Menken's Colorful Past includes Strip Tease, Poetry
By Wanda L. Bobinger

Adah Isaacs Menken was born on June 15, 1835 in Memphis, Tenn. Her maiden name was Theodore. Her father died when she was two years old and her mother married a second time. The family moved first to New Orleans and then to Nacogdoches, where Adah attended Nacogdoches University. She would in later years invent the art of the strip tease and become an international celebrity.

On April 3, 1856, Adah and Alexander Isaacs Menken obtained a marriage license in Livingston from County clerk L.S. McMicken and was then wed by Justice of the Peace D.D. Moore.

Her husband was a member of a travelling opera troupe and a dance teacher, going from town to town teaching the polka, mazurka and Highland fling.

Adah had worked briefly as the editor of The Liberty Gazette and before that she had lived in Havana, where she appeared on stage before the Cubans who called her " Queen of Plaza."

In Liberty she gave Shakespearian readings and published her poems in the Liberty Newspaper.

The marriage which begun in Livingston did not last, but Adah continued throughout her career to perform under the name Adah Isaacs Menken.

After successful appearances on tour, her real fame came from her role of "Mazeppa," in New York City in 1860. She wore pink tights and dashed across the stage lashed to a horse. She became a symbol of wickedness, was the first to bob her hair and smoke cigarettes in public. She is reputed to have been the most photographed woman of her time.

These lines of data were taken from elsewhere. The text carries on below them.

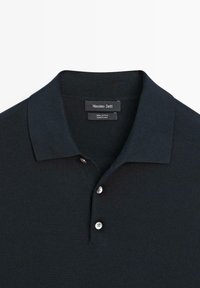 Sort bomulds polo-shirt med kort krave og tre hvide knapper, mærket Massimo Dutti, fremstillet i Kina.
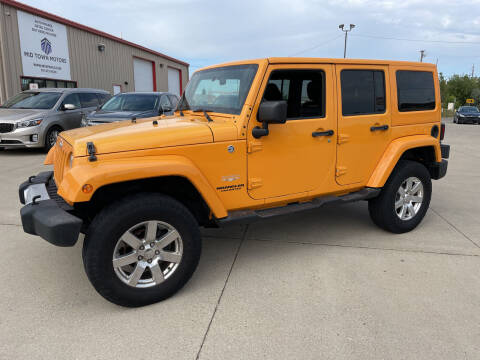 2012 Jeep Wrangler Unlimited for sale at Midtown Motors and Service Center in Fargo ND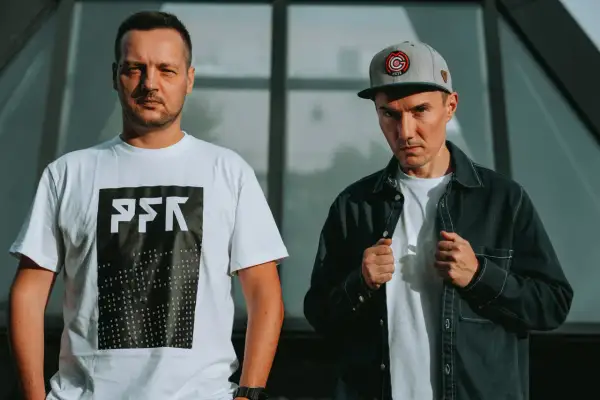 Dwóch członków Paktofoniki, jeden w białej koszulce z logo, drugi w czarnej kurtce i czapce z daszkiem.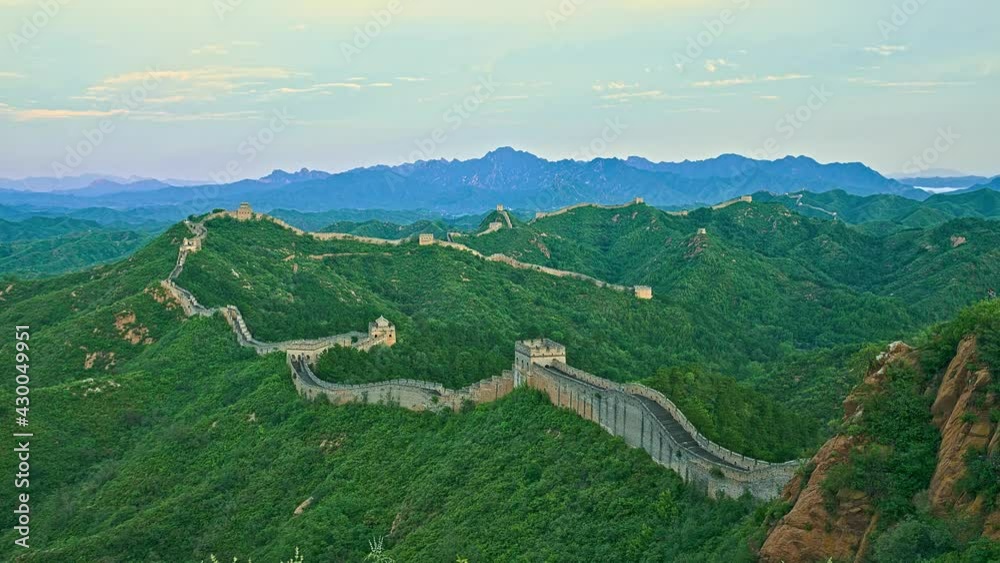 Clouds flowing over green Great Wall of China, time-lapse of light and shadow 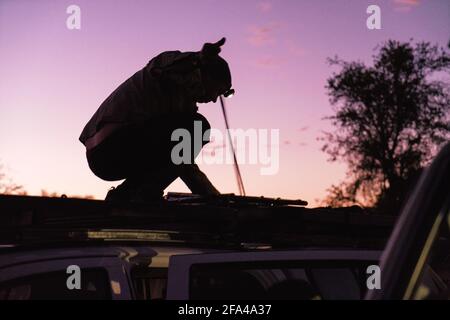 Rigging Overlanding Setup Before Sunrise in African Wilderness Stock Photo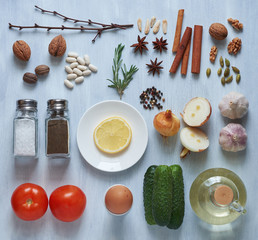 Set of spices, vegetables and herbs on a light wooden background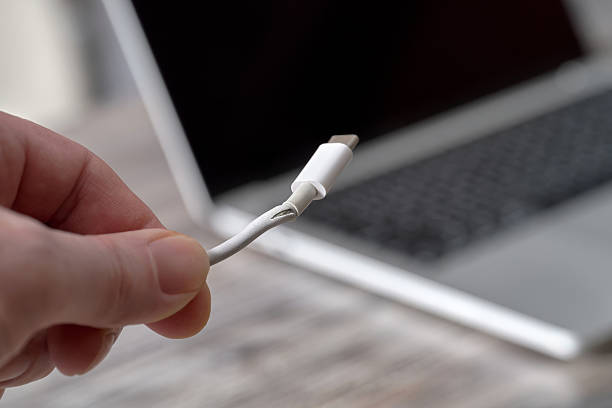 A man holds a damaged laptop charger cable in his hand.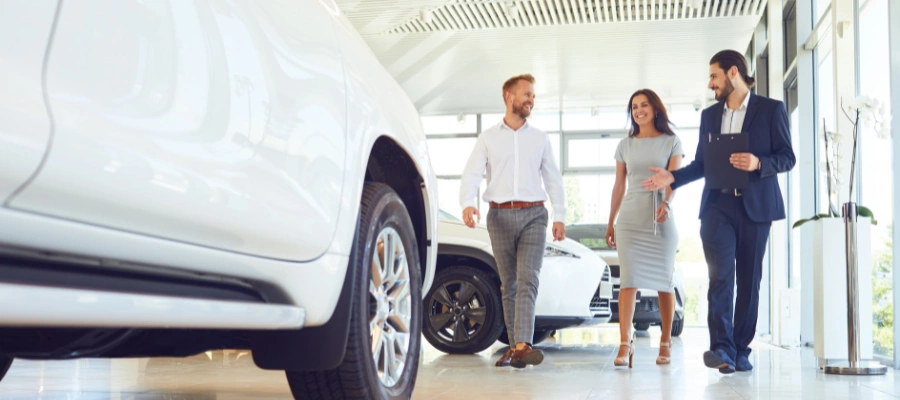 F&I managers walks with man and woman in car dealership showroom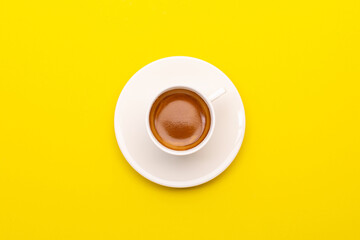 Top view espresso coffee in white cup on yellow.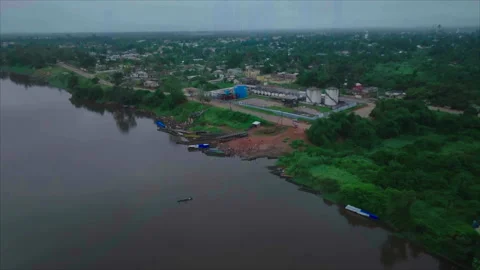 Drone pulling back from people at riverbank to overall view, Ouesso, Congo Stock Footage 331999796
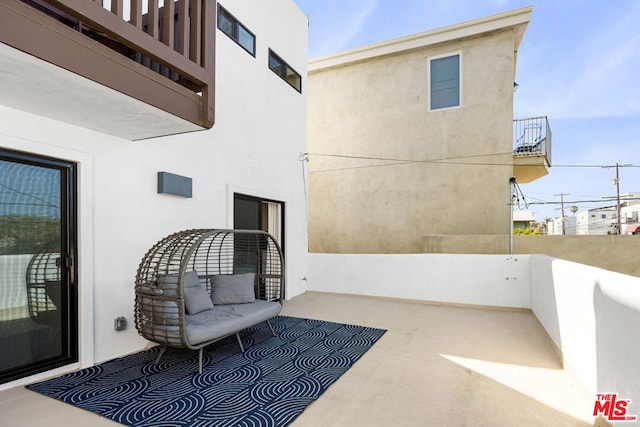 view of patio / terrace with a balcony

She sailed for London in April, 1864 and appeared at Astely's Theatre. Her poetry and stage triumphs brought her friendships with celebrities such as Charles Dickens, Charles Reade and George Sand. Menken moved onto Paris for an engagement at the Gaiete Theatre, appearing in Les Pirages de la Savanne," which ran for 100 nights. In Paris, she became the mistress of Alexandre Dumas, author of "Three Musketeers."

In June, 1868, Miss Menken became ill while rehearsing in Paris and died on Aug.10, she was buried in the Jewish section of the cemetery of Pere la Chaise. Her collected poems, entitled "Infelicia," were published in 1868 about the time of her death. A second edition was published in 1888 with a biography of her brief life.